## Data extracts

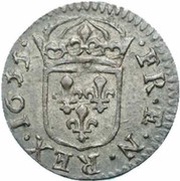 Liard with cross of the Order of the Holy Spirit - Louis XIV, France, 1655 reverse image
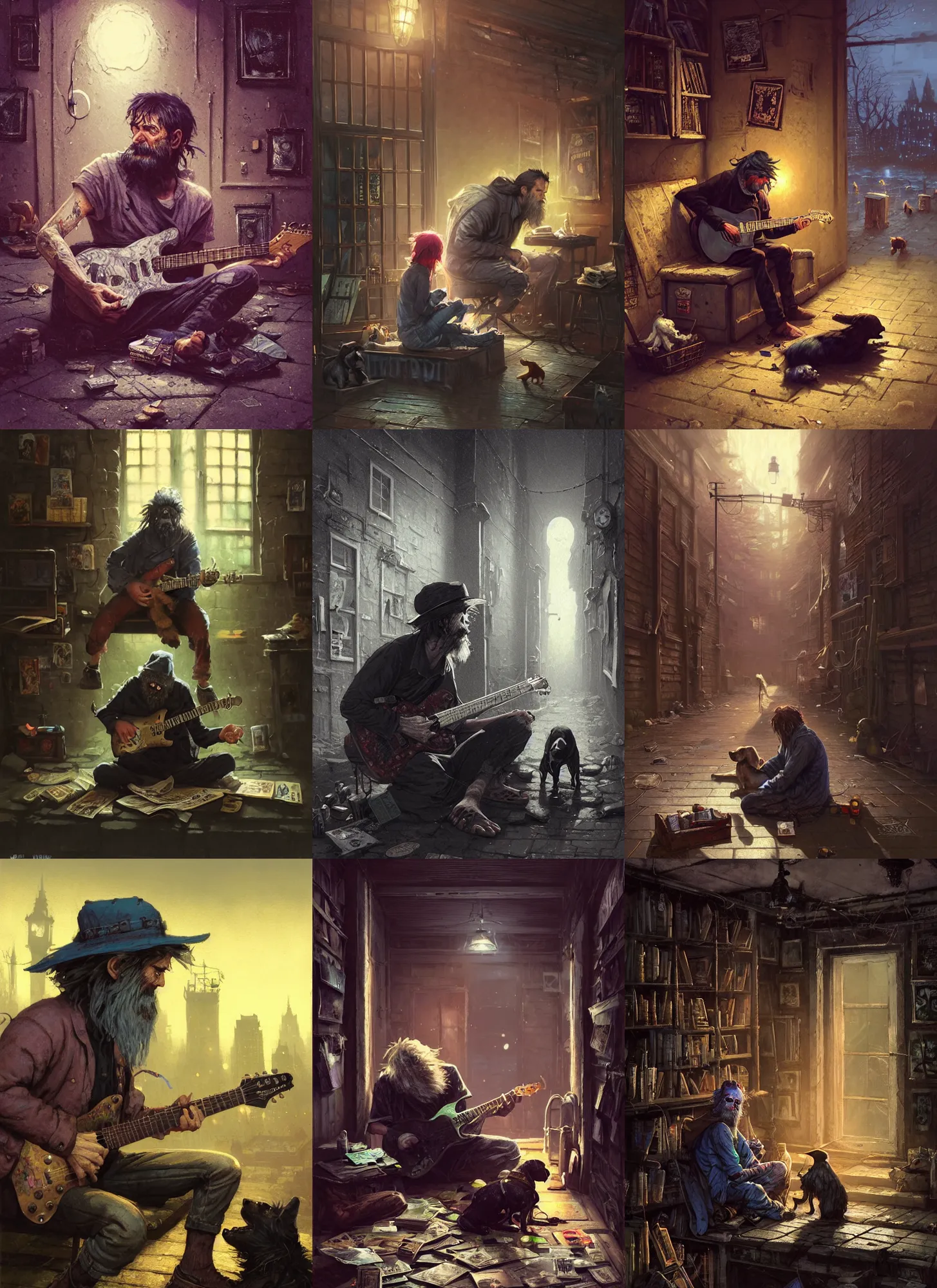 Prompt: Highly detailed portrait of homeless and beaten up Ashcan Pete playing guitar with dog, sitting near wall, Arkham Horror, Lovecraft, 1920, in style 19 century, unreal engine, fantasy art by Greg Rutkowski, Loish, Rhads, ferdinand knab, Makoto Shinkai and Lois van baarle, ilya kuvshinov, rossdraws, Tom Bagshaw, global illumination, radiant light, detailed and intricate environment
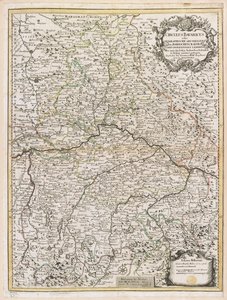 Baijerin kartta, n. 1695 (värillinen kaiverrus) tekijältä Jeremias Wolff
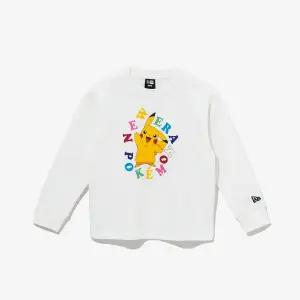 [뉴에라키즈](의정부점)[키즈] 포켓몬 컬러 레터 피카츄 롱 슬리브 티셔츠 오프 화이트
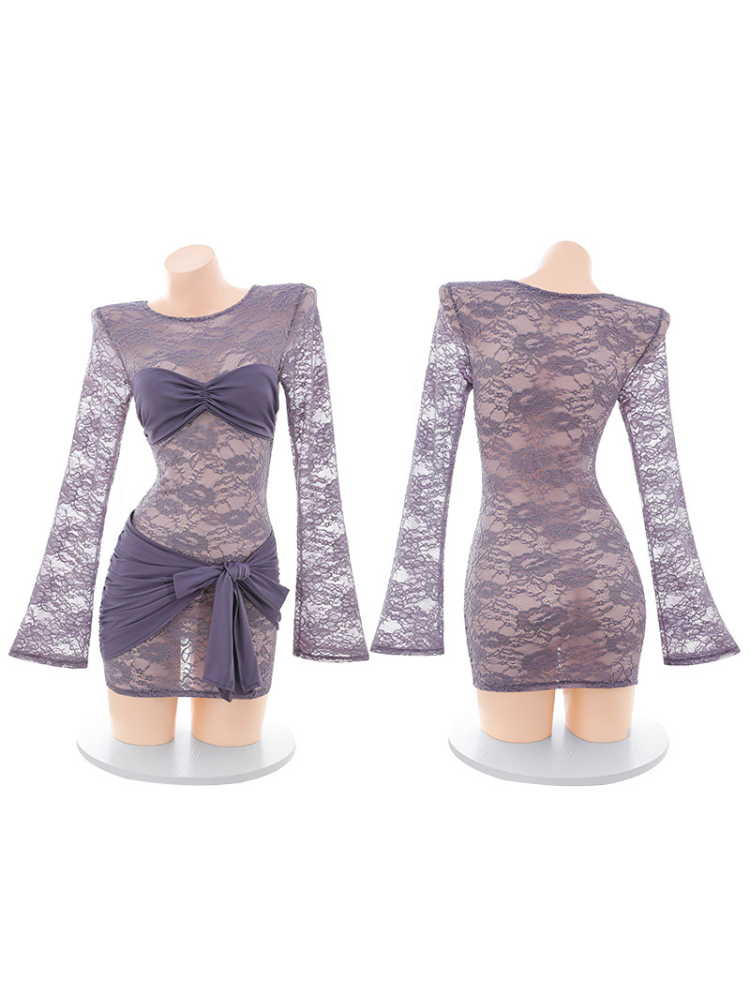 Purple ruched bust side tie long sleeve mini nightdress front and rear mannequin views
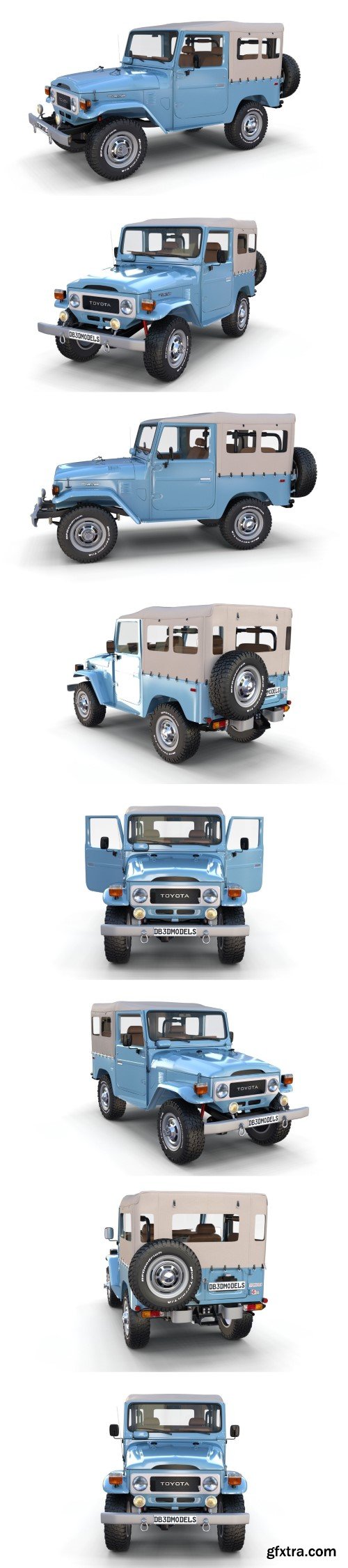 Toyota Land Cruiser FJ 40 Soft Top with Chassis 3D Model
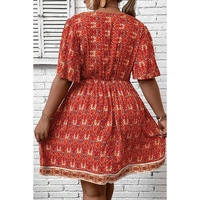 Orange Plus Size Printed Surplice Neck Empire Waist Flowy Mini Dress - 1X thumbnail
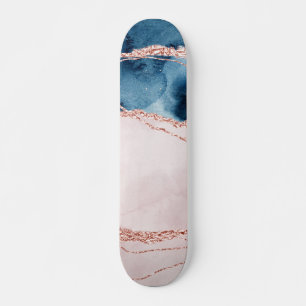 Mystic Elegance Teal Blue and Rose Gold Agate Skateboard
...
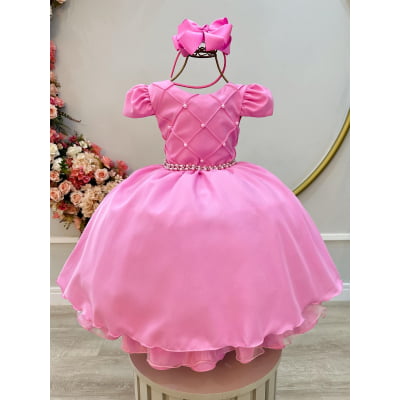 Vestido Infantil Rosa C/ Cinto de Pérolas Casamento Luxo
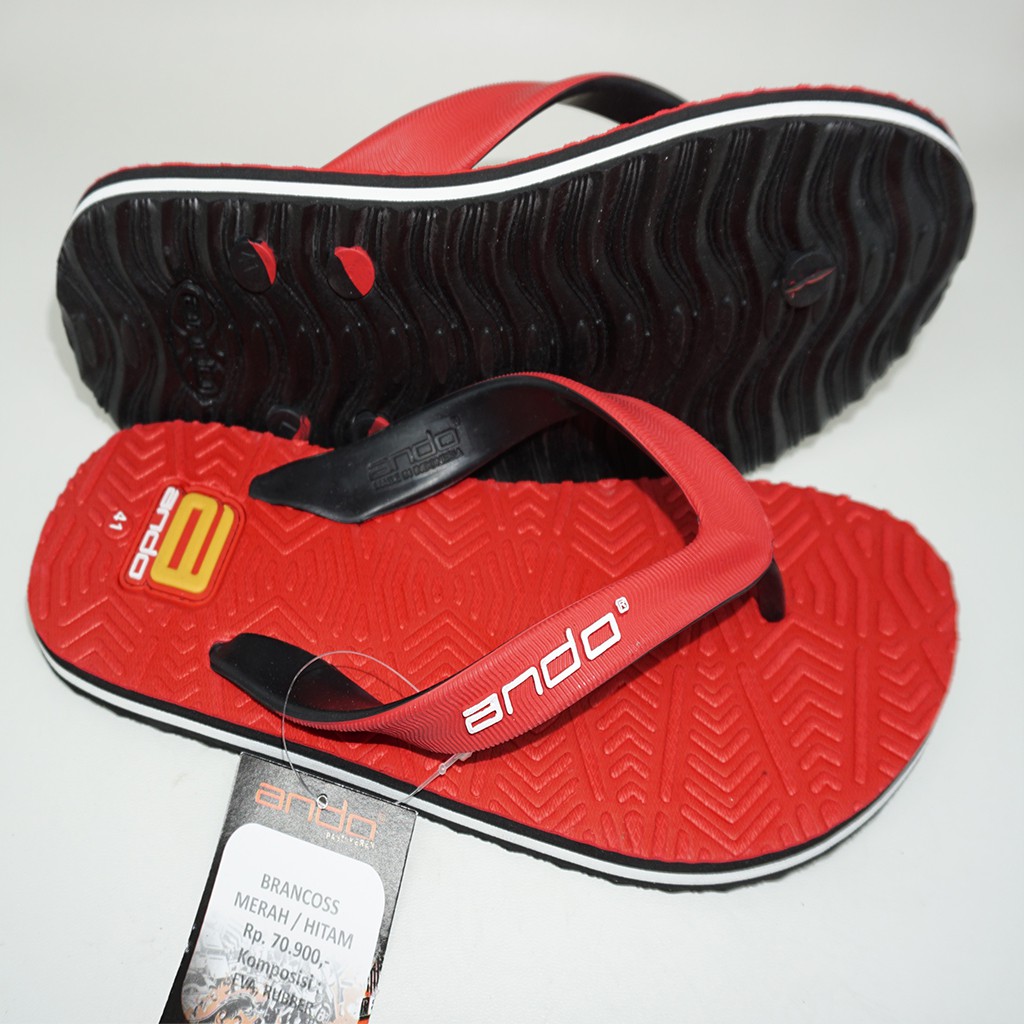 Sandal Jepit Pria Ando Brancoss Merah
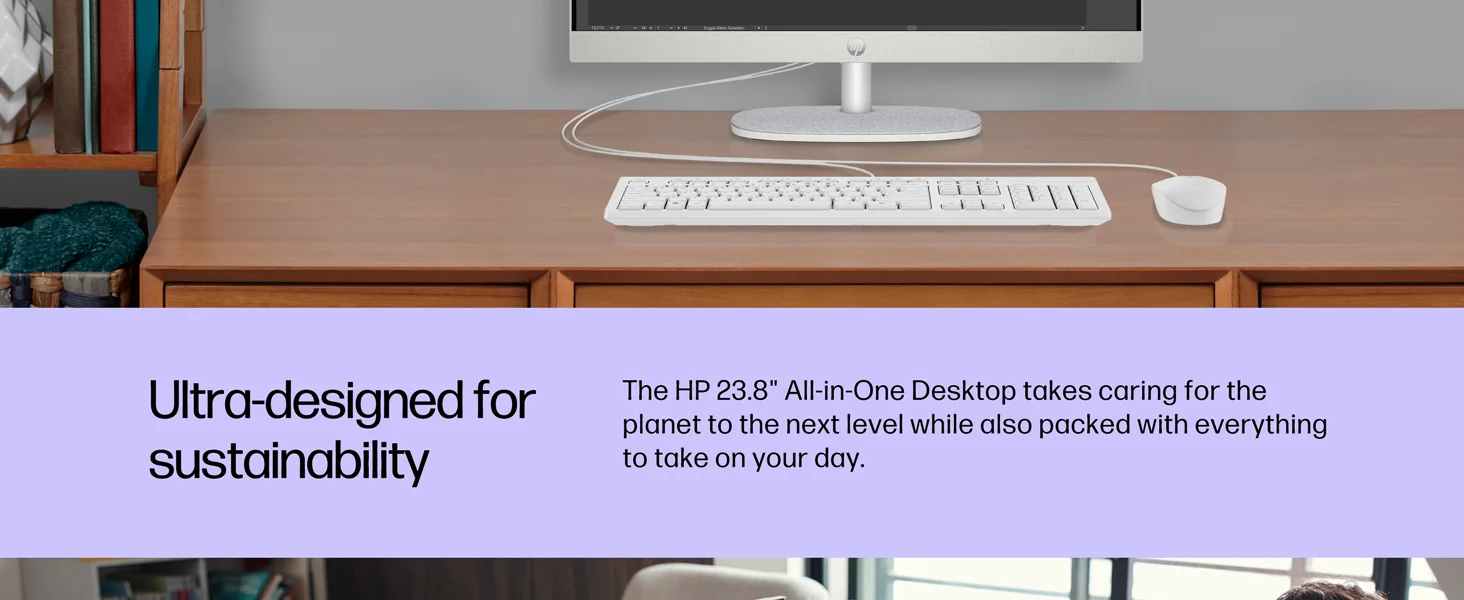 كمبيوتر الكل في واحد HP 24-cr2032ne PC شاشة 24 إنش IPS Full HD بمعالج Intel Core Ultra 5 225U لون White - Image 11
* * *
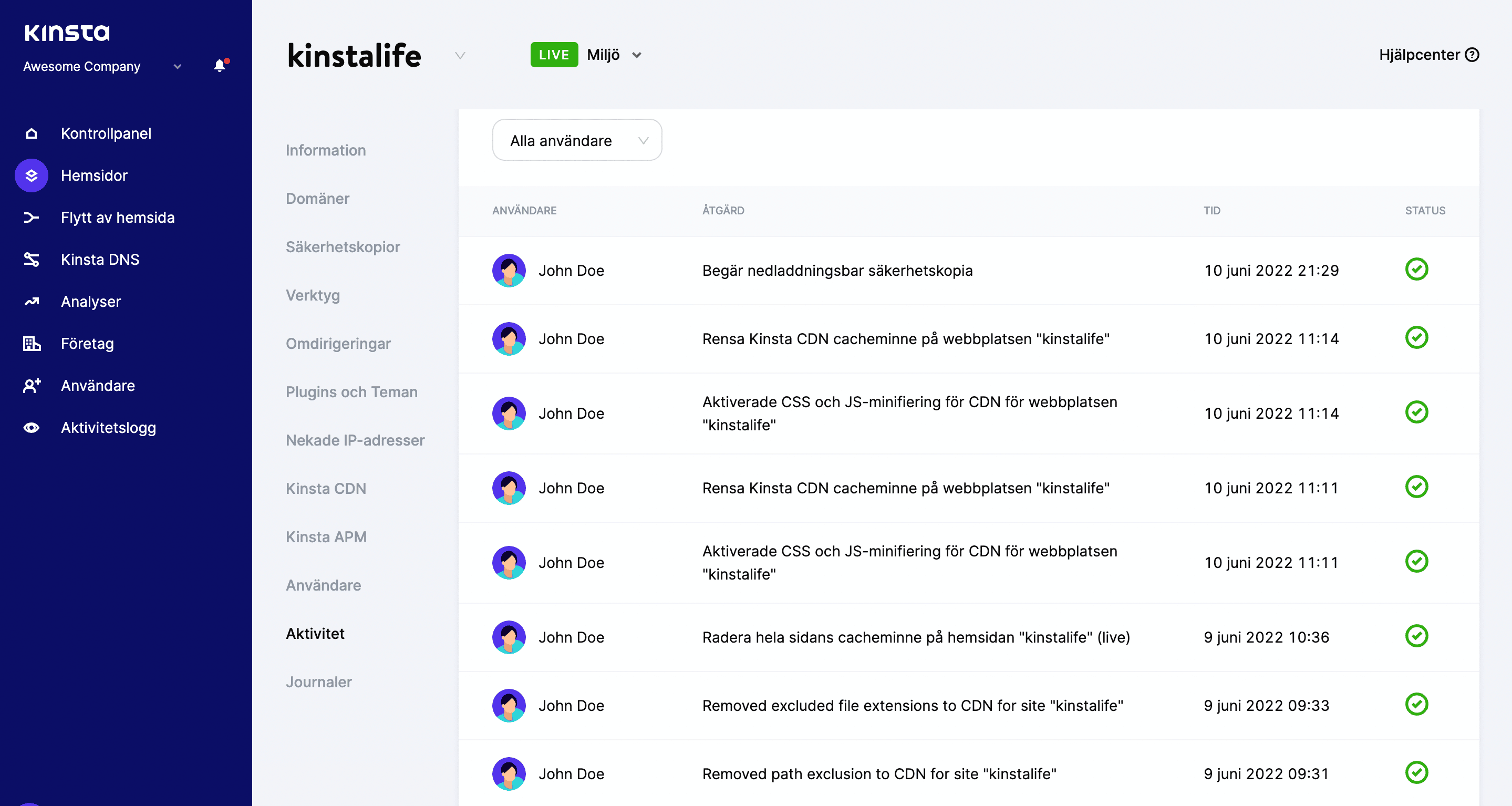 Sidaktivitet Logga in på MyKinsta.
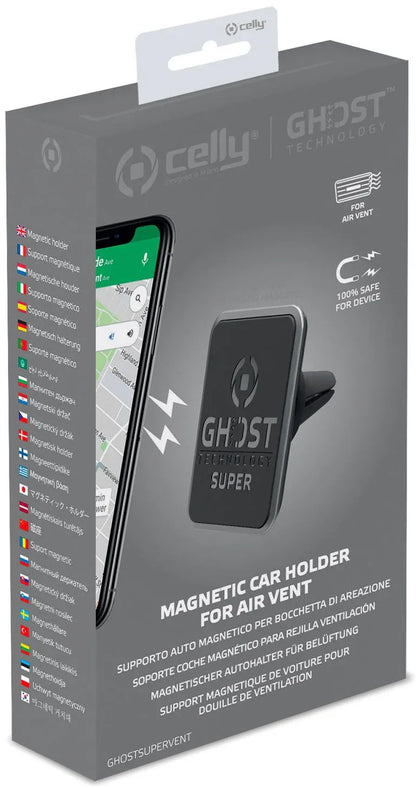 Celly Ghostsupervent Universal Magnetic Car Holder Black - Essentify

## Assignment
Which part of the entries opens with the line containing "Sandal Jepit Pria Ando Brancoss Merah" and closes with the line containing "كمبيوتر الكل في"? Output that part exactly, ends included, pictures excluded.

## Output
 Sandal Jepit Pria Ando Brancoss Merah
 كمبيوتر الكل في واحد HP 24-cr2032ne PC شاشة 24 إنش IPS Full HD بمعالج Intel Core Ultra 5 225U لون White - Image 11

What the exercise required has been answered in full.